Eppure, in una recente analisi i cittadini di diversi paesi sono stati interrogati sullo stato dell’economia del proprio Paese e solo il 15% degli italiani ha espresso un giudizio positivo collocando così l’Italia al quartultimo posto della classifica dei 25 paesi considerati nell’indagine, preceduti da Polonia, Ungheria e Perù, paesi i cui fondamentali economici sono di molto più arretrati dei nostri ma dove l’opinione pubblica è animata da uno spirito decisamente più positivo.
Questo pessimismo ha conseguenze non trascurabili giacché le rappresentazioni apocalittiche che i media italiani danno della nostro economia diffondono, purtroppo, tra gli osservatori e gli investitori stranieri la pericolosa sensazione che il nostro paese si trovi in una crisi strutturale senza vie d’uscita.

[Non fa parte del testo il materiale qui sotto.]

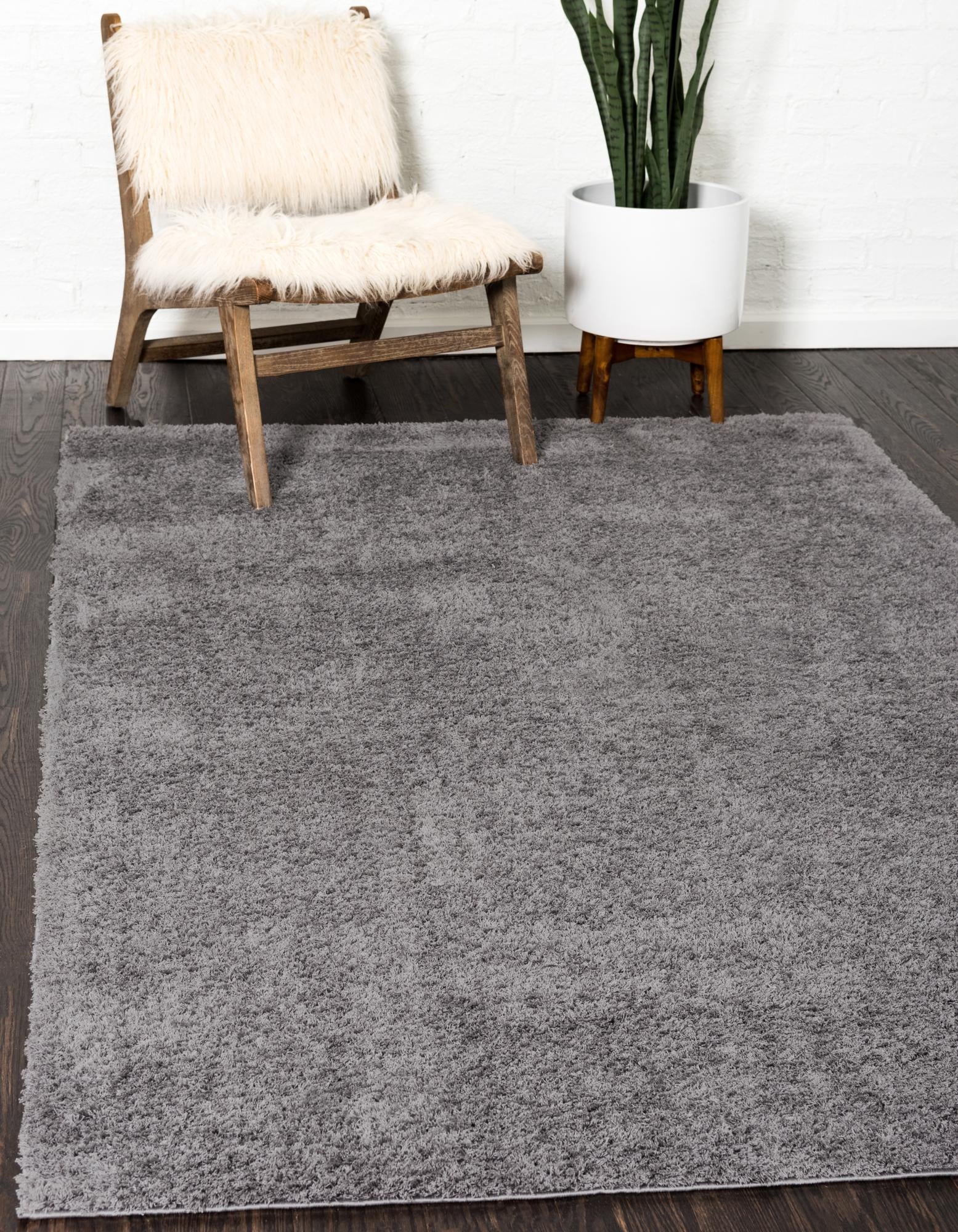 Primary image  9' x 12' 2 Solid Shag Rug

La nostra sanità è stata classificata la migliore al mondo per qualità ed efficienza, a pari merito con la Francia, da tutti i più autorevoli organismi internazionali, quali l’Organizzazione Mondiale della Sanità, Bloomberg e il severissimo British Medical Journal, eppure in Italia si parla solo di malasanità e sono in molti a definirla “da terzo mondo”, senza avere ovviamente alcuna conoscenza diretta della situazione della sanità in altre nazioni progredite.
I giovani italiani hanno finalmente imparato a viaggiare e a spostarsi per cercare lavoro e, anche se il tasso di emigrazione è inferiore rispetto a quello degli altri grandi Paesi europei, è comunque il segno di una apertura verso il mondo moderno. Eppure in Italia la circolazione fisiologica dei “cervelli” viene vissuta come un dramma e paragonata all’emigrazione dei nostri antenati.

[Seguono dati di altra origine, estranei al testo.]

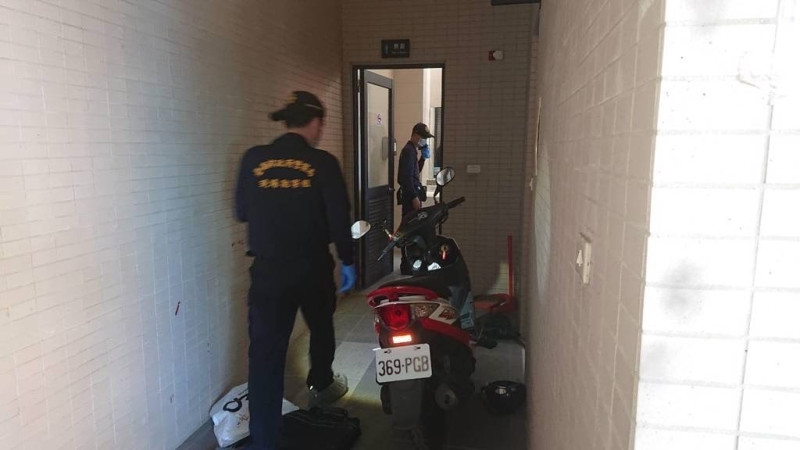 台南殺警案，警方稍早在距案發現場約1.3公里處的土城高中廁所找到贓車。   圖：翻攝畫面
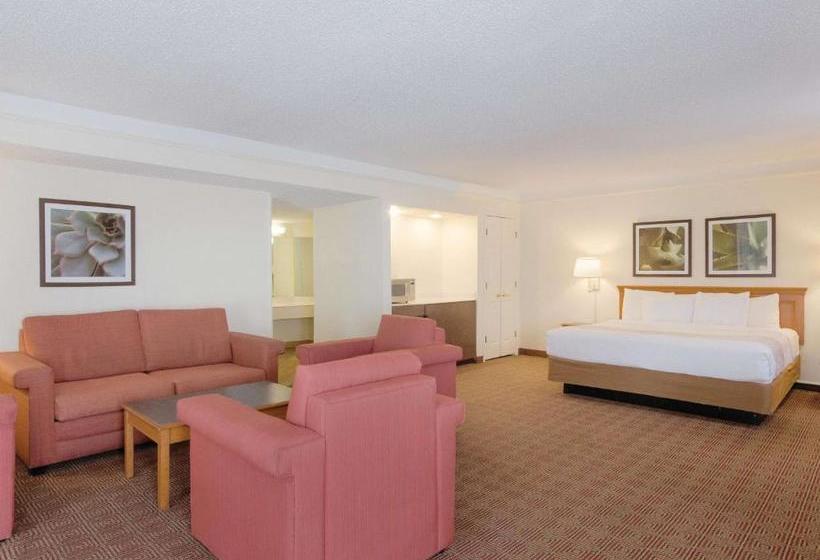 ホテル La Quinta Inn By Wyndham Denver Cherry Creek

I media amplificano ogni notizia di crimini per cui anche se il numero dei reati in Italia è stabilmente in calo e siamo uno dei paesi più sicuri al mondo, aumenta tra i cittadini italiani la sensazione di paura e insicurezza.

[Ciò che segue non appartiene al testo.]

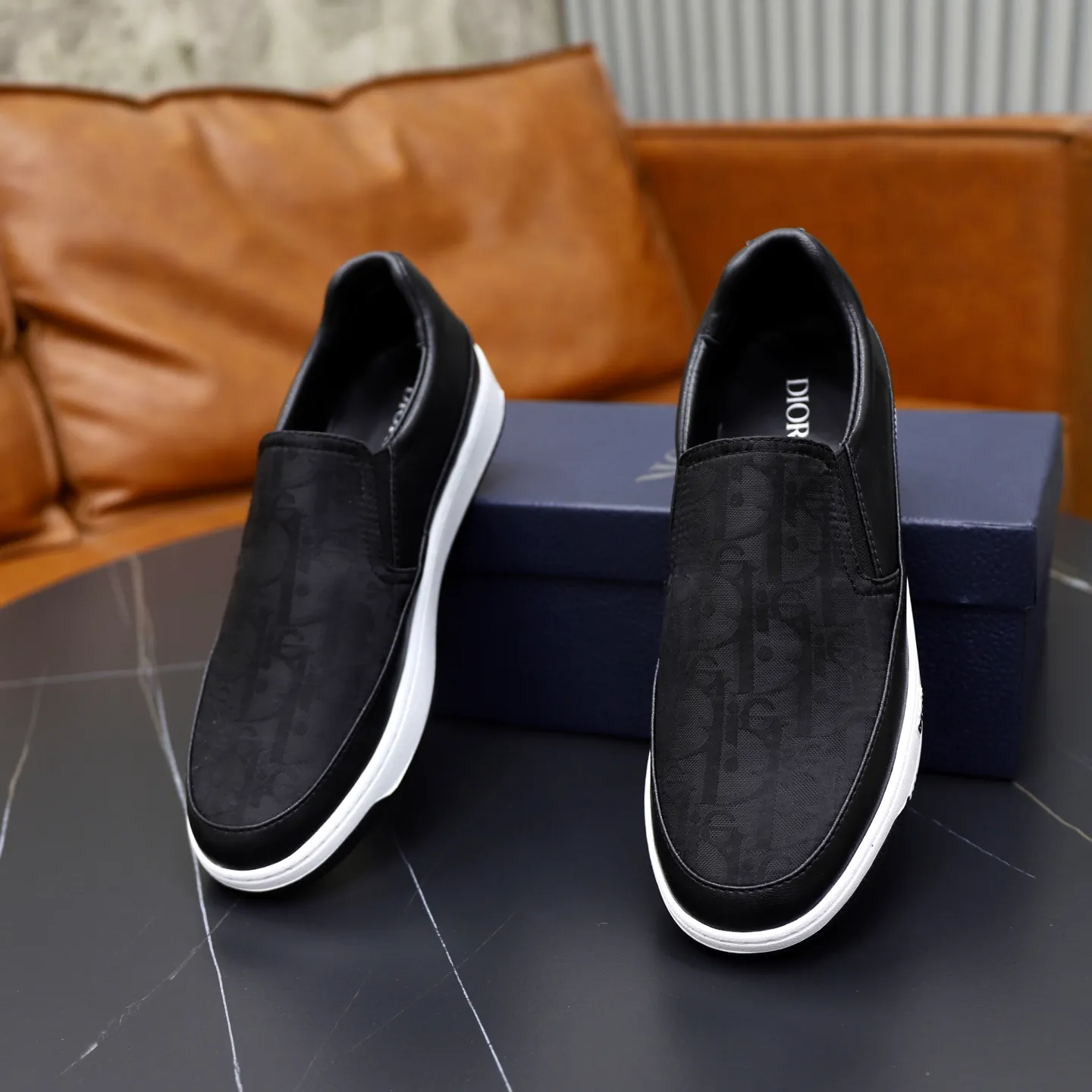 Ex-factory price: 420💰🙅‍♂️🙅‍♂️🙅‍♂️ Brand: Dior DIOR Standard code: 38-44 (45 customized) Grade: Same as the official website Material: Original material splicing Comfortable and breathable lining Lightweight and wear-resistant sports outsole Style category: Men's fashionable casual shoes Running sneakers Distinguished luxury brand elements Top luxury Color: actual picture color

L’ultimo rapporto annuale sulle prospettive, le aspettative e le convinzioni dei giovani di 68 diversi paesi, realizzato da Gallup, vede l’Italia ultima per speranza e terz’ultima per ottimismo, e si colloca tra i dieci paesi più infelici e pessimisti al mondo.
Insomma, a distanza di 40 anni, la percezione del paese visto dagli italiani è rimasta la stessa di allora; l’ottimismo scarseggia, specie tra i giovani, e non solo la fiducia nella politica o nelle istituzioni, ma soprattutto quella nell’Italia, nel suo futuro e nelle sue potenzialità.
Ma come può un popolo in grado di collezionare tante eccellenze soffrire di un tale complesso di inferiorità nei confronti delle altre nazioni e credere così poco in se stesso?
Non sarebbe ora di trovare un rimedio?
Non sarebbe finalmente ora di prendere coscienza che l’Italia non è solo il belpaese, custode del più ricco patrimonio culturale e artistico mondiale, ma anche una delle nazioni più industrializzate, innovative, produttive e creative del pianeta?